Friday, July 17, 2009 at 2:00 PM ET
This week the Canadian Radio-television and Telecommunications Commission wrapped up its hearings on Internet traffic management. Earlier in the proceeding I testified on behalf of the Open Internet Coalition (of which Google is a member) to argue that "innovation without permission" requires a robust, open Internet -- a view echoed by consumer groups, Internet policy advocates, content producers and distributors.
Fittingly, tonnes of people who would normally never follow a regulatory hearing took to the web to listen to the CRTC's live audiocast, follow the live-blog from the National Post, and tweet up a storm with the tags #crtc and #netneutrality (including me, @jacobglick). Journalist Greg O'Brien (@gregobr) tweeted, "Total listeners to the #crtc proceeding Monday: 371. Highest ever group to take in a Commission webcast, they say."

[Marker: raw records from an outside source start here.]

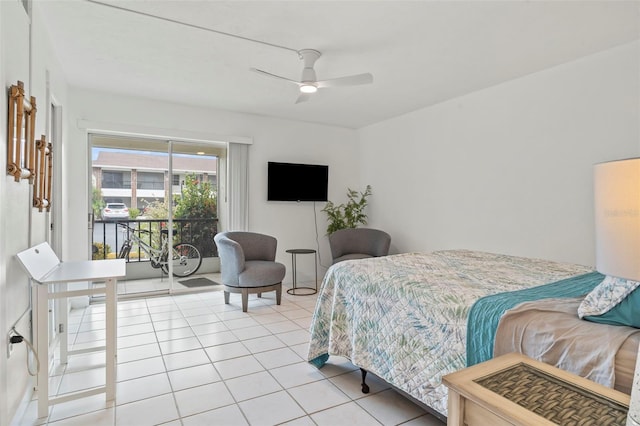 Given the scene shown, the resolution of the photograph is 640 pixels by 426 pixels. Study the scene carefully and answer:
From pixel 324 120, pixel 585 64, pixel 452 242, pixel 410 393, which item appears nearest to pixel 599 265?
pixel 410 393

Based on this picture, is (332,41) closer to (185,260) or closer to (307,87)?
(307,87)

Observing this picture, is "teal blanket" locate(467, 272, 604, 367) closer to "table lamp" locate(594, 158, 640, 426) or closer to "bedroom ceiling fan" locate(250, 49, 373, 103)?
"table lamp" locate(594, 158, 640, 426)

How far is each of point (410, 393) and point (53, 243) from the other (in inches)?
129

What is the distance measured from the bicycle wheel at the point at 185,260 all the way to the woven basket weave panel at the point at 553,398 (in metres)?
4.81

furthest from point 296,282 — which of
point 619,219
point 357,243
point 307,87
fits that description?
point 619,219

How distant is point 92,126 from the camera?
13.3 ft

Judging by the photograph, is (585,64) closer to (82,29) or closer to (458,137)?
(458,137)

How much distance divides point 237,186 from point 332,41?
273 centimetres

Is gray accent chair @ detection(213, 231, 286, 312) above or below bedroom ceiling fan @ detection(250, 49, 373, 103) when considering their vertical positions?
below

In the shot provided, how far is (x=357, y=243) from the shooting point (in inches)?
198

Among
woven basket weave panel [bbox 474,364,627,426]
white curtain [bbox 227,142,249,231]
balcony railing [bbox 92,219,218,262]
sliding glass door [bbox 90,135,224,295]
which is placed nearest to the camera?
woven basket weave panel [bbox 474,364,627,426]

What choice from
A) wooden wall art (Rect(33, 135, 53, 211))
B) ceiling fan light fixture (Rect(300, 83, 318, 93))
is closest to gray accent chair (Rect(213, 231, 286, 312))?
wooden wall art (Rect(33, 135, 53, 211))

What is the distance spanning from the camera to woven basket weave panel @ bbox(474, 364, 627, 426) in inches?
35.7

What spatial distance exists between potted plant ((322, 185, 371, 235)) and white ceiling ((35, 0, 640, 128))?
2050 mm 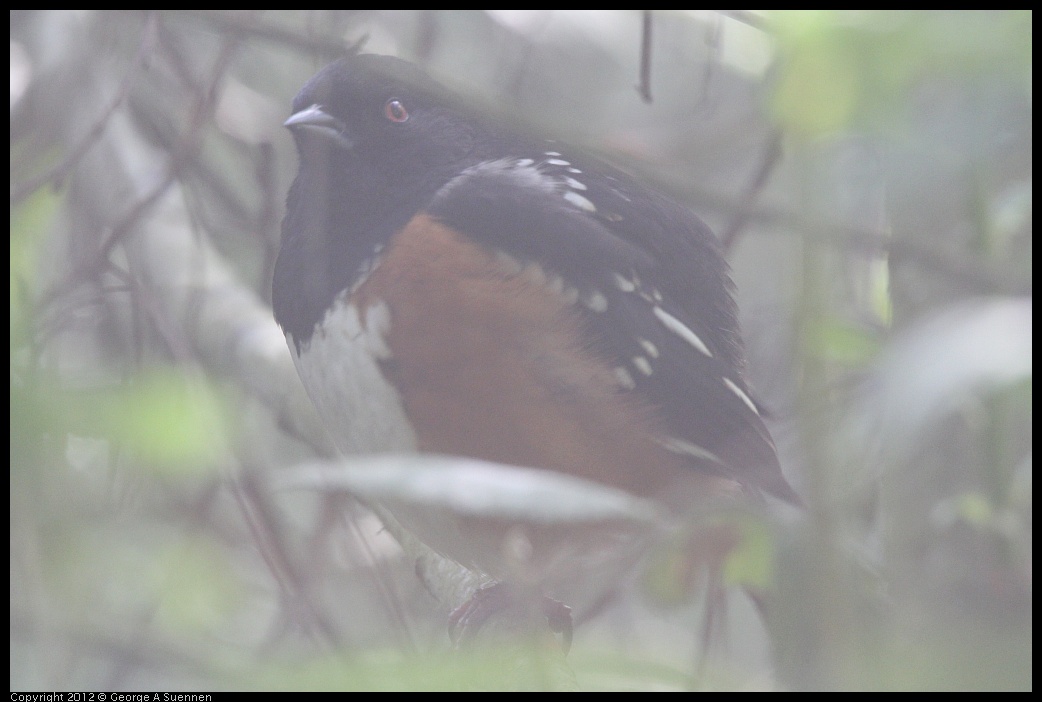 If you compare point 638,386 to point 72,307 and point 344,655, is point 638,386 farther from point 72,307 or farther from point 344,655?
point 344,655

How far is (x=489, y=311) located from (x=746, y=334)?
0.76 m

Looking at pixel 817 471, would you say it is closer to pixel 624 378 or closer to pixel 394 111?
pixel 624 378

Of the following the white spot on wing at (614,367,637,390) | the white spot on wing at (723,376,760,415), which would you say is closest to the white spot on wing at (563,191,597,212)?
the white spot on wing at (614,367,637,390)

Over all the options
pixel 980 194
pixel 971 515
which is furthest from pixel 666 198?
pixel 980 194

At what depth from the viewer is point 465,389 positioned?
1.86 meters

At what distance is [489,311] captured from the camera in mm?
1875

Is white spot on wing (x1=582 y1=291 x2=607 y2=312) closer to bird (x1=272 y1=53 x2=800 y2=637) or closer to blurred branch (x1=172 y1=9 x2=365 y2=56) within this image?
bird (x1=272 y1=53 x2=800 y2=637)

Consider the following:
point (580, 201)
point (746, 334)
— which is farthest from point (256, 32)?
point (746, 334)

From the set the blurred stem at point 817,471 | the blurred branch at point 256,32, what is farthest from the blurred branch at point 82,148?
the blurred stem at point 817,471

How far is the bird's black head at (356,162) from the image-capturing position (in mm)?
1969

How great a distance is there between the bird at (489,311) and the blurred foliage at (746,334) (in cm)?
16

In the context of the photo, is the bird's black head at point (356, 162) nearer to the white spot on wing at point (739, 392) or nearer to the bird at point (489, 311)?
the bird at point (489, 311)

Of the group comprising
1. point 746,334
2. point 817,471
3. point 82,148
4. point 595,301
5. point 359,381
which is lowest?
point 746,334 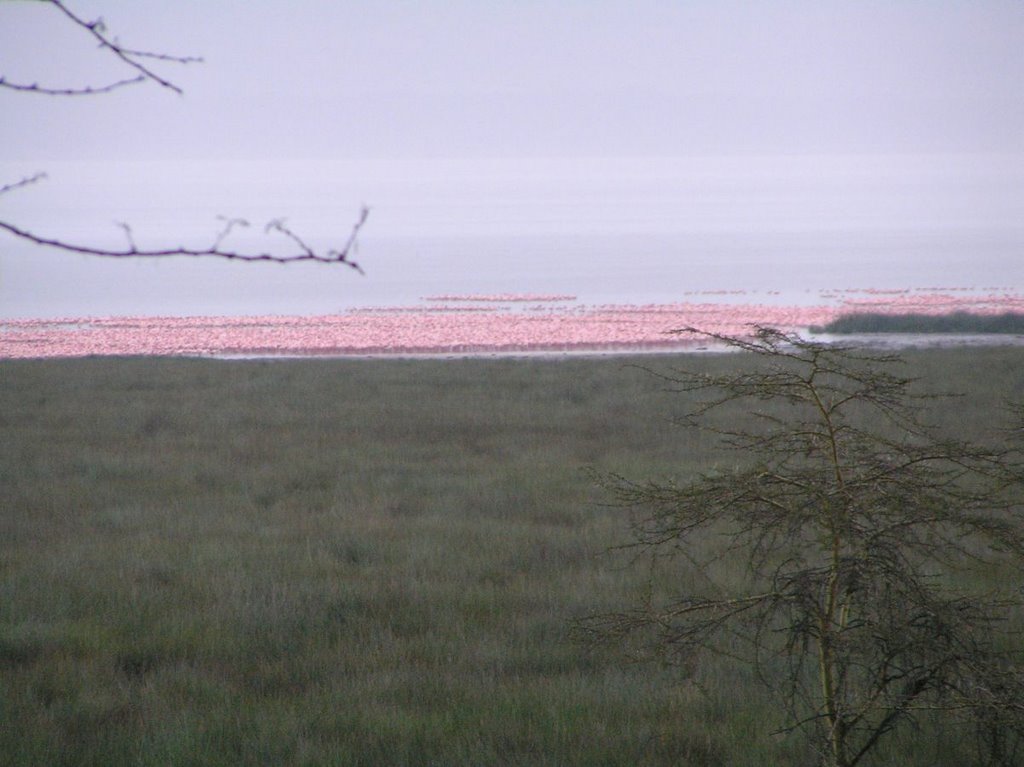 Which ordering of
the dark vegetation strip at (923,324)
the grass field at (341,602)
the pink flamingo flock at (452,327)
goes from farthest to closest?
the dark vegetation strip at (923,324), the pink flamingo flock at (452,327), the grass field at (341,602)

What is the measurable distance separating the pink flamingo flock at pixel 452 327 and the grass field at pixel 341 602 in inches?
527

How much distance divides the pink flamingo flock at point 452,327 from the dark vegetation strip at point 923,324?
142cm

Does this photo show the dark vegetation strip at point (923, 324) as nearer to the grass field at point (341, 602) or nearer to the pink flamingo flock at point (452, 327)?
the pink flamingo flock at point (452, 327)

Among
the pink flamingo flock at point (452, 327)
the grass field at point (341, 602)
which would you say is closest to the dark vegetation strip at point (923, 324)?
the pink flamingo flock at point (452, 327)

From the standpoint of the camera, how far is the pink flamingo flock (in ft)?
104

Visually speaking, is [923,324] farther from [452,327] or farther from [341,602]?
[341,602]

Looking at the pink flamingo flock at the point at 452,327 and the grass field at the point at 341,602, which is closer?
the grass field at the point at 341,602

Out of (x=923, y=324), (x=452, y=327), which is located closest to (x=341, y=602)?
(x=923, y=324)

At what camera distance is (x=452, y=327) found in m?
39.9

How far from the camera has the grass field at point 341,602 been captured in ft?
14.5

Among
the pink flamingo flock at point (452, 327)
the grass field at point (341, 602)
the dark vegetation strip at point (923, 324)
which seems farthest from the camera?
the dark vegetation strip at point (923, 324)

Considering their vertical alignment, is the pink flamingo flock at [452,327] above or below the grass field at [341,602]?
above

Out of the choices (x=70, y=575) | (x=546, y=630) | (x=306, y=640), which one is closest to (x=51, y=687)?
(x=306, y=640)

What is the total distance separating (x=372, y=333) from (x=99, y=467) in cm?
2596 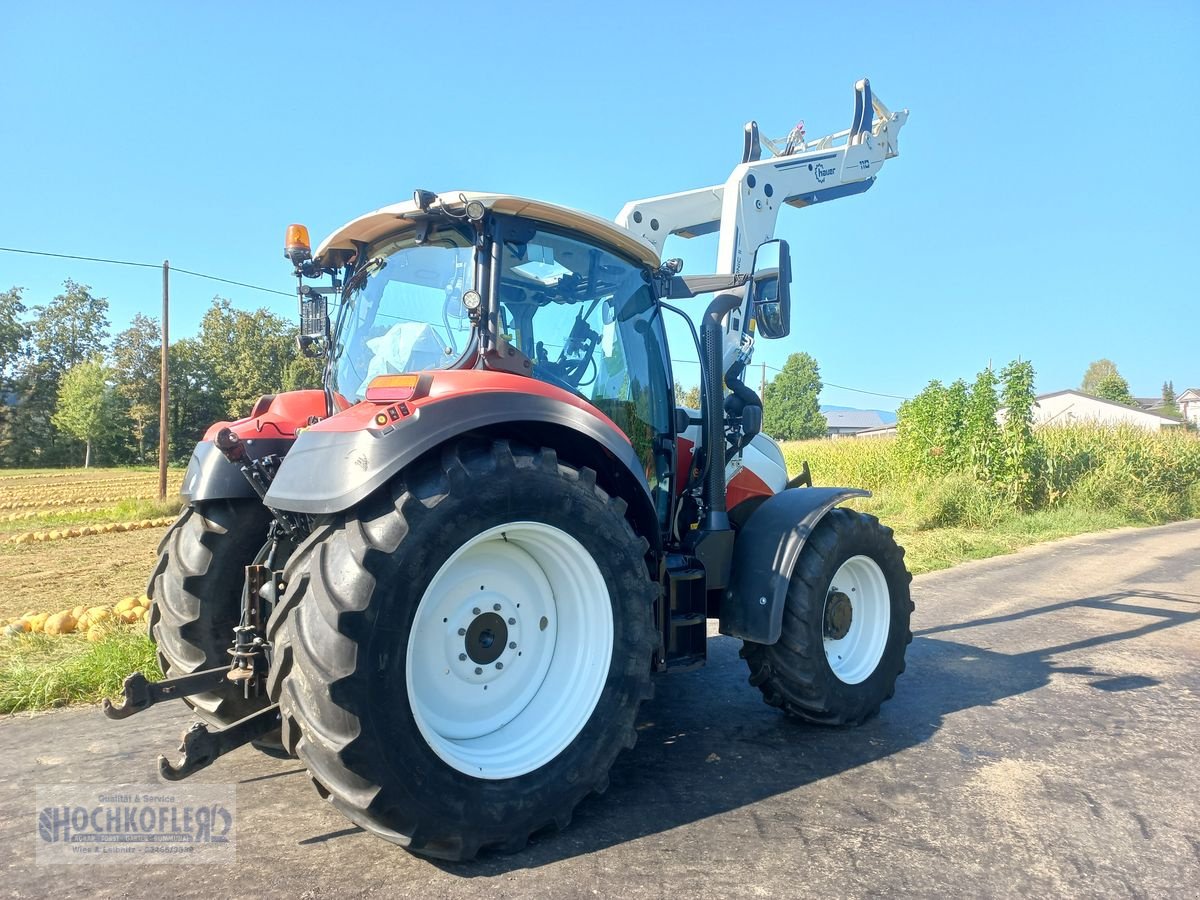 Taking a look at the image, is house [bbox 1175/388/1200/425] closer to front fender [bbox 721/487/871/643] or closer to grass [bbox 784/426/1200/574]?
grass [bbox 784/426/1200/574]

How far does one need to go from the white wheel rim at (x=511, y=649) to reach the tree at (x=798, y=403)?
6896 cm

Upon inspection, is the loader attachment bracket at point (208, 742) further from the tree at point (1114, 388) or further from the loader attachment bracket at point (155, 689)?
the tree at point (1114, 388)

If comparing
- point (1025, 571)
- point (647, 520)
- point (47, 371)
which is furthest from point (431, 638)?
point (47, 371)

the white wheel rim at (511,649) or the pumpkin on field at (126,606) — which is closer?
the white wheel rim at (511,649)

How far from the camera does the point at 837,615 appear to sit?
13.2ft

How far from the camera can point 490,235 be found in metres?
3.06

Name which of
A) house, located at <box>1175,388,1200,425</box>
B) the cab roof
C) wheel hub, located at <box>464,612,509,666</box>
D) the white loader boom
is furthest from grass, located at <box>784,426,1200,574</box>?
house, located at <box>1175,388,1200,425</box>

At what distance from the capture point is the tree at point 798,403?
7138cm

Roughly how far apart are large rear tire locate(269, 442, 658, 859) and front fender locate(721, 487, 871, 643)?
3.05 feet

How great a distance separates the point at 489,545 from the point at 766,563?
4.90 ft

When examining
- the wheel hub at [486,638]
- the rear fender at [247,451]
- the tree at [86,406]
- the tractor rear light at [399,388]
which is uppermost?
the tree at [86,406]

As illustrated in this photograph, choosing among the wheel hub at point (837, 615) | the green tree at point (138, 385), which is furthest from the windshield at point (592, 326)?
the green tree at point (138, 385)

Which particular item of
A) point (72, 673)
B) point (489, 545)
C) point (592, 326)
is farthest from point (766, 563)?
point (72, 673)

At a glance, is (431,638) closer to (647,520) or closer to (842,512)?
(647,520) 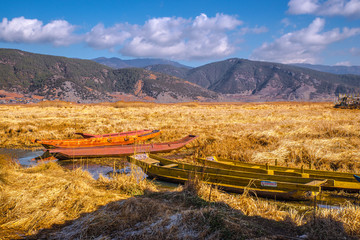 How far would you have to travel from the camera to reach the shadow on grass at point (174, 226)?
4.26 metres

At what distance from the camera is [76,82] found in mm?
102938

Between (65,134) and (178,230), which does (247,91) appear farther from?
(178,230)

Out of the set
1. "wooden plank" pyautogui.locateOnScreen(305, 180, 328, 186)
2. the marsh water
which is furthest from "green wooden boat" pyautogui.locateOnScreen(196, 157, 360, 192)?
"wooden plank" pyautogui.locateOnScreen(305, 180, 328, 186)

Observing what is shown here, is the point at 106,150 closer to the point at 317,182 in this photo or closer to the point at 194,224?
the point at 194,224

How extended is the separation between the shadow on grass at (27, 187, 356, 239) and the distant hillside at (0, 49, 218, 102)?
9070 cm

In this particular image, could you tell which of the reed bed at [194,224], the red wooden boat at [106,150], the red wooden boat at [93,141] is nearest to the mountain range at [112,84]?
the red wooden boat at [93,141]

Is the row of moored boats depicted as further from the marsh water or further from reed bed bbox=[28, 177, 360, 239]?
reed bed bbox=[28, 177, 360, 239]

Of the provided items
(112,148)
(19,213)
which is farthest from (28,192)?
(112,148)

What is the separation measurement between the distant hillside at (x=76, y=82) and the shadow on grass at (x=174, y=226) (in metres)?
90.7

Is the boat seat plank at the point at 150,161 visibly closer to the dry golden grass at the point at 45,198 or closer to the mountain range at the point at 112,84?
the dry golden grass at the point at 45,198

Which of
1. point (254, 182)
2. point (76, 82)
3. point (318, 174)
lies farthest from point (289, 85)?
point (254, 182)

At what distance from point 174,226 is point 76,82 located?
109m

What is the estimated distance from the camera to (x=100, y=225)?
4844 mm

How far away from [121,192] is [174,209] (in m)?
2.39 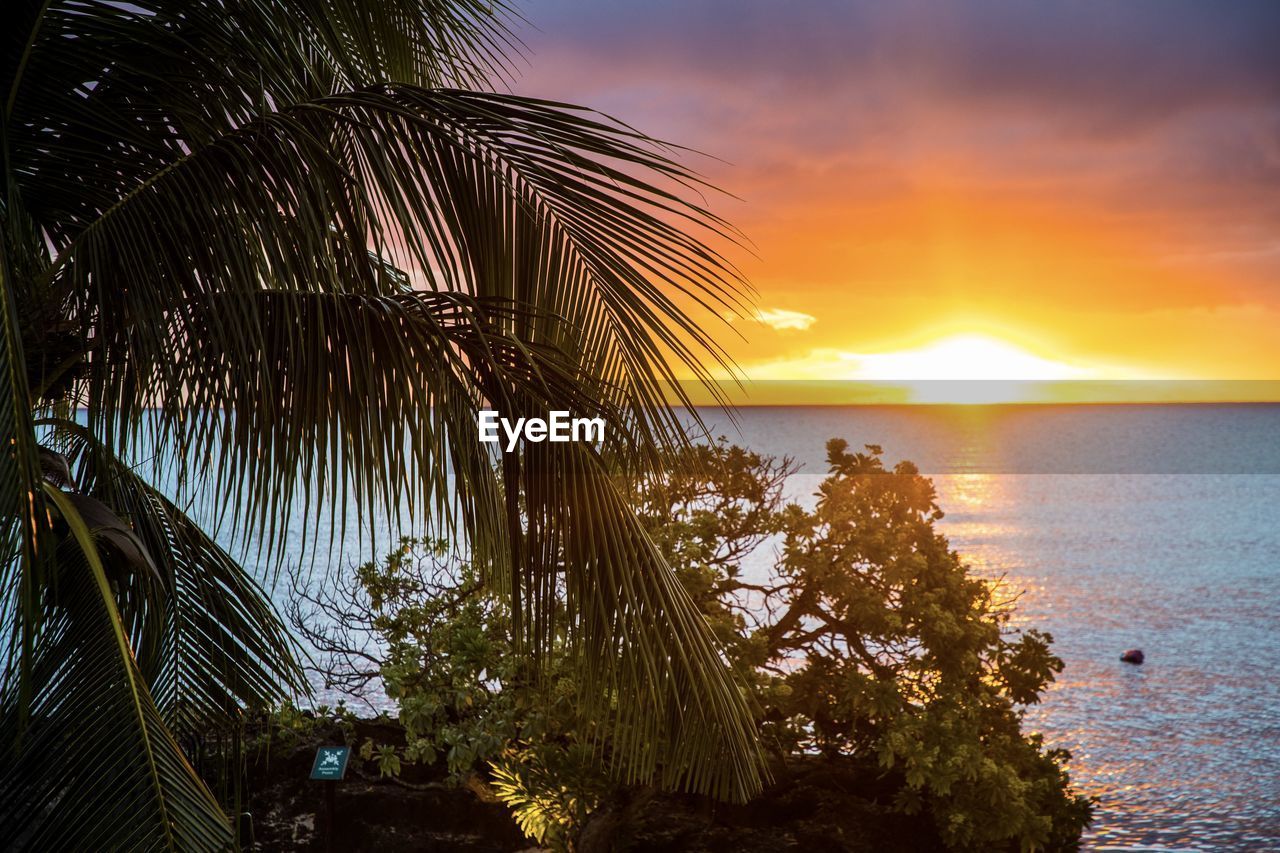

This impromptu online community was an object lesson in precisely the point we made to the Commission about the power of an open Internet to share insights, test arguments, and facilitate meaningful civic engagement -- all in cool, unexpected ways.

1 comments:
Impromptu? The 'impromptu' community you reference is the result of two years of solid work to bring force the CRTC to open a proceeding on Net Neutrality, and to have a broad based citizen participation in the proceedings. Canadians for Democratic Media and the Save Our Net coalition is the well-organized coalition of organisations from across Canada that organized the petitions and coordinated the online viewing. Maybe you should join?